17/29=1.92 x1.13 for the drivers =1.92
17/33=1.94 x1.13=2.19

knowing how I dont like to bend the chain so tight on a small sprocket(17 tooth),am going to look at getting into a 19/37 set up, but will have to see what length chain that will require and how it fits the chaincase, want not much bend at all if poosible for less parasetic drag.

maybe 9 tooth drivers will fit ,have to check tunnel clearance.
 
9 tooth drivers will take away all stud clearance in the front ...yes the stock gearing sucks and is only good for about 85 mph when figured at 1:1 I have seen 95 on my trail rider ....a 37 bottom fits .....I do not remember what chain length is for the top gear you want to run.................
 
ok on the 9 tooth drivers,but since I have not yet rolled it on its side to actually measure what kind of clearance does it have? I was only planning on a .750" cut lug track and maybe 1 inch studs, will that clear? I will check later but was curious if you knew off the top of your head.

I absolutely hate 8 tooth drivers and the power they absorb from bending the track too tight in the radius, 9 tooths and a free rolling gear set up would go along ways to free up the resistance from what I see just so far.

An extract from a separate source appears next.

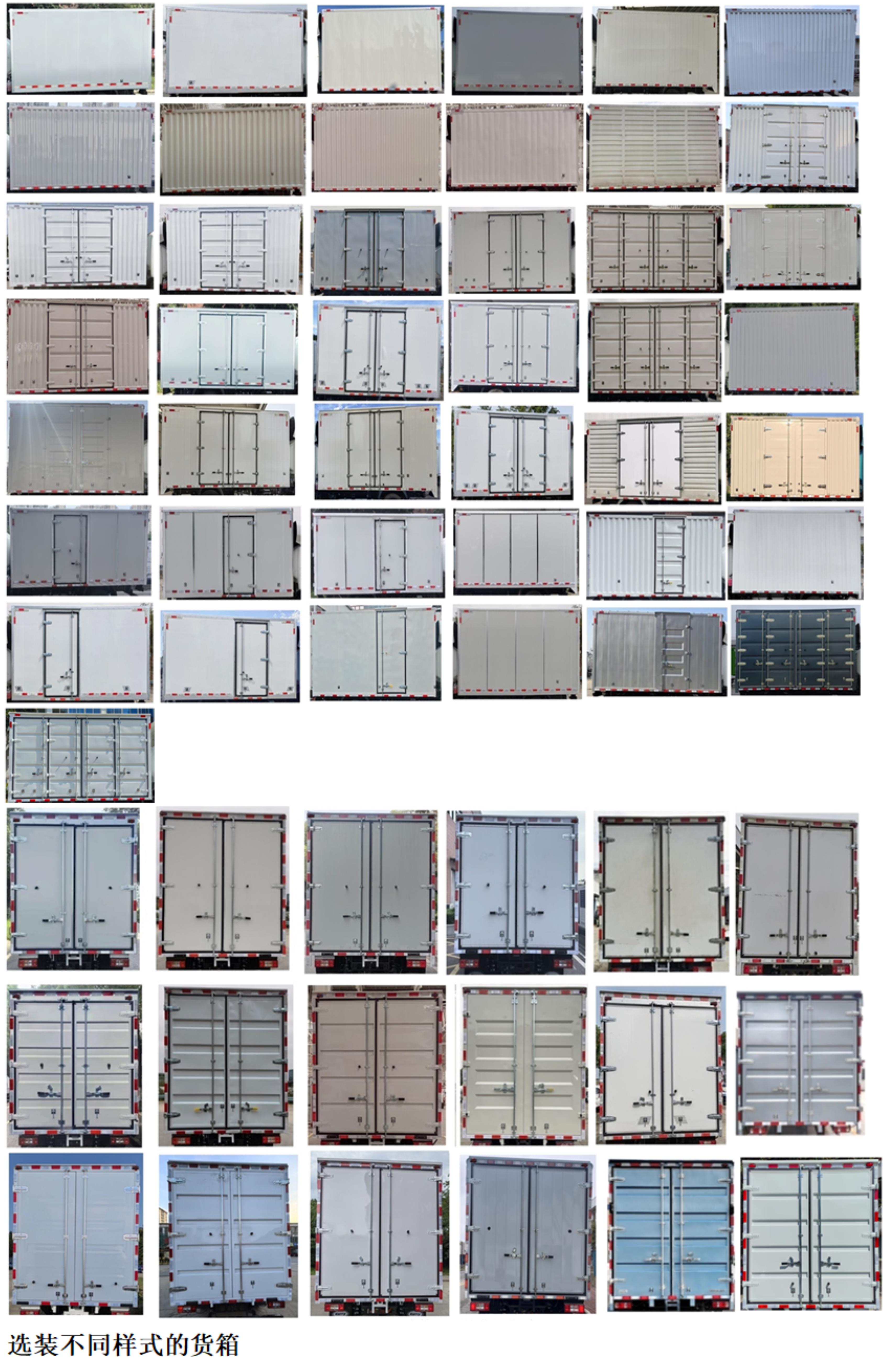 廣汽牌YC5044XXYFHEBEV純電動廂式貨車公告圖片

thanx for the info nutz, been a long time since I worked on a hopped up phazer so its kinda fun. I am gonna dig into it pretty soon just kinda gettin a plan to go on.
 
with 8 tooth drivers 1.060 t nut studs is all that will clear even then they will tag once in a while ....I have had to weld my bulk head up a few times already for our local snow ovals I run a 820 track with the 1.060 studs ......for the ice I have a .510 stock yokohama track I run with .750 studs ........if you roll the case you should have enough to clear 9 tooth drivers ......I really do not have a problem with the 8 tooth drivers
 
Been tinkering with the phazer in between jobs and have gotten it torn down and a rough plan made as to how to mod the engine. I am going to pretty much post all the mods as this is an old engine now theres no real secrets out there...also I happen to be building one of these for a member here so he will be able to see his engine being modded at the same time as I am doing them both exactly the same except for the final compression ratio.
Here you can see the newer phazer has a 3 pc steel head gasket, so making the head clearance right will be that much easier. You can simply peel the layers of gasket to help correct the clearance. The phazer engine has a big .068" squish clearance stock. The deck clearance in the stock engine was .010". I also took note that the piston is not timed very well with the ports on the cylinder stock, the piston sticks up into not only the exhaust port but the transfer ports as well, meaning at bottom dead center the piston is inhibiting flow from the transfers and the return pulse from the pipe runs into the edge of the piston crown on its return, so theres easy power to gain by correcting that.
Since it has that problem youd need to add base gaskets or raise the cylinder up to the correct spec. Cometic will make you base gaskets in differnt thickness, or you can stack the stock ones which are .010" thick. I will determine how much I raise it by putting the degree wheel on it and see what the stock port timing is on the transfer ports. I dont want to raise them too much as I want to keep this a 7500-7800rpm engine via the pipe I have for it. I dont worry about the exhaust port as much, although, I will check it but I will be porting that and modifying the width and heigth of it. More on degree wheel later.
One thing to remember when you raise a cylinder, the amount you raise it to correct this problem you also ADD that much more to the deck clearance, so you will need to address that problem. To do so, I will mill material off the tops of the cylinders.